Kononen et al. (28) recently described an array-based high-throughput technique that facilitates analysis of very large numbers of tumors at once, either at the DNA, RNA, or protein level. As many as 1000 cylindrical tissue biopsy specimens from individual tumor can be arrayed in a single tissue microarray (TMA) block. The power of the TMA technique is the capability of performing a series of analyses on thousands of specimens in a parallel fashion with minimal damage to the origin blocks (28-30). In contrast to immunohistochemical analyses on large section, TMA allows a high level of standardizations for immunohistochemical staining because all tumor samples are pretreated and stained under exactly the same conditions. Contrary from the reading of large sections which always is an attempt to integrate the observations in multiple different regions of a tissue section, the morphological classification and interpretation of immunoreactivity are based on the findings within one small, highly defined tissue area in TMA. The criteria for diagnostic decisions are therefore much easier to establish between the individual samples on the array and to compare among different observers (28-30).

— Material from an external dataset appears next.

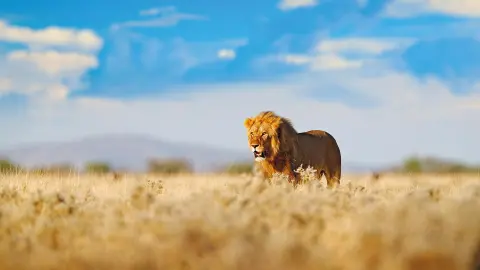 7217-7218_Namibia_content_1920x1080px_Loewe-placeholder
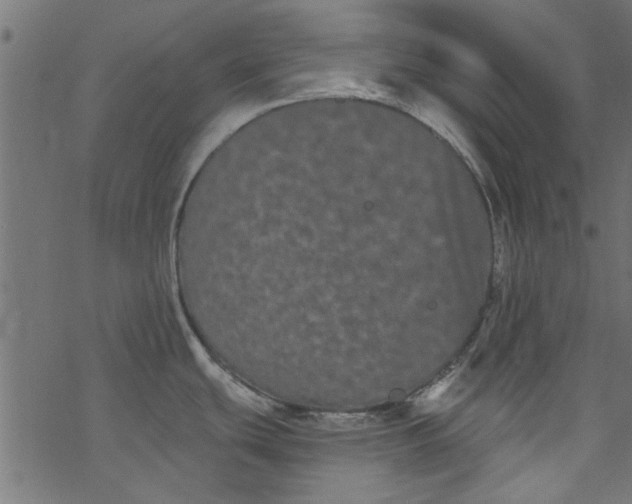 X0000077351439200611031810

Nevertherless, critique of TMA arises as to whether these small specimens (diameter 0.6 mm) are really representative of their donor tumors. It has been reported that some alternations are not detected if the analysis of heterogenous tumors is restricted to samples measuring 0.6 mm (31). However, Moch et al. (29) pointed out that the TMA approach has been designed to examine tumor populations and not to survey individual tumors. They have analyzed the impact of tissue heterogeneity on TMA data and compared results obtained from TMA with results from large sections in multiple different studies, and found that the results did show heterogeneity within tumors but suggested that this heterogeneity did not influence the identification of prognostic parameters. The reliability of tissue microarrays in detecting protein expression and gene amplification in breast cancer has been confirmed (32-35). The presented study analyzed IGFPB-3 expression in breast cancer by immunohistochemical staining with TMA and the results were obtained smoothly. By multivariate analysis, the IGFBP-3 expression turned out to be significantly related to the overall five-year survival rate (Table II). To the best of the authors knowledge, this is probably the first report with long term follow-up about IGFBP-3 expression in breast cancer analyzed by using TMA.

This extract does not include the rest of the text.